Step 6: Replace the data loader and fine_tune it.

learn.dls = get_dls(64, 224)
learn.fine_tune(5, 1e-3)


  • From the above step it is evident that the Progressive resizing has achieved a good improvement in the accuracy of about 86.3%.
  • However, it’s important to understand that the size of the Image at maximum could be the size of the image available on disk.
  • Also, another caution on the resizing part is to not damage the pertained weights.
  • This might happen if we have the the pre-trained weights similar to the weights in the transfer learning.
  • The next technique to apply to the model is to apply data augmentation to the test set.

Test time Augmentation

Test Time Augmentation (TTA): During inference or validation, creating multiple versions of each image, using data augmentation, and then taking the average or maximum of the predictions for each augmented version of the image.

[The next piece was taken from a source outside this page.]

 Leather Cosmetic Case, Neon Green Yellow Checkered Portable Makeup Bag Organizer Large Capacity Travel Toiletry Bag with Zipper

  • Traditionally we use to perform training data augmentation with different techniques.
  • When it comes to validation set, the fastAI for instance applies the center cropping.
  • Center cropping is useful in some use cases but not all.
  • This is because cropping from center may entirely discard any images on the borders. Instead on way would be to stretch and squish instead of cropping.
  • However this becomes a hectic problem for model to learn those new patterns.
  • Another way would be to select a number of areas to crop from the original rectangular image, pass each of them through our model, and take the maximum or average of the predictions.
  • We could do this around different values across all of our test time augmentation parameters. This is known as /test time augmentation/ (TTA).

Step 7: Trying TTA

preds,targs = learn.tta()
accuracy(preds, targs).item() 


  • We can see that the above technique has turned out well on improving accuracy to about 87.5%.
  • However the above process slows down the inference by number of times we are averaging for TTA. So we can try another technique called Mixup.


  • Mixup is a very powerful data augmentation technique that can provide dramatically higher accuracy, especially when you don’t have much data and don’t have a pre-trained model that was trained on data similar to your dataset.
  • Mixup technique talks about the data augmentation for the specific kind of dataset and fine tuned as needed.

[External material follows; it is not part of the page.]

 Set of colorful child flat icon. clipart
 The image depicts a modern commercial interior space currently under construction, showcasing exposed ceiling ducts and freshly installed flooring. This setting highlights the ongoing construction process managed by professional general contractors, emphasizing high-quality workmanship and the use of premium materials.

Mixup works as follows, for each image:

  • Picking a random image from your dataset.
  • Picking a weight at random.
  • Taking a weighted average (from step 2) of the selected image with your image; this will be your independent variable.
  • Taking a weighted average (with the same weight) of this image’s labels with your image’s labels; this will be your dependent variable.

Note: For mixup, the targets need to be one-hot encoded.

  • One of the reasons that Mixup is so exciting is that it can be applied to types of data other than photos.
  • But, the issue with this technique might be the labels getting bigger than 0 or smaller than one as opposed to the one-hot encodings.
  • So, we can handle this through label smoothing.

Label Smoothing

  • In “Classification Problems”, our targets are one-hot encoded, which means we have the the model return either 0 or 1.
  • Even a smallest of the difference like 0.999 will encourage the model to overfit and at inference the model that is not going to give meaningful probabilities.
  • Instead to avoid this we could replace all our 1s with a number a bit less than 1, and our 0s by a number a bit more than 0, and then train. This is called label smoothing.
  • And this will make the model generalize better.


  • All the techniques described above are kind of eye opening on how we can build techniques that could augment each other and sometimes better than others.
  • All these techniques will be applied to a real dataset and results will be published soon with description.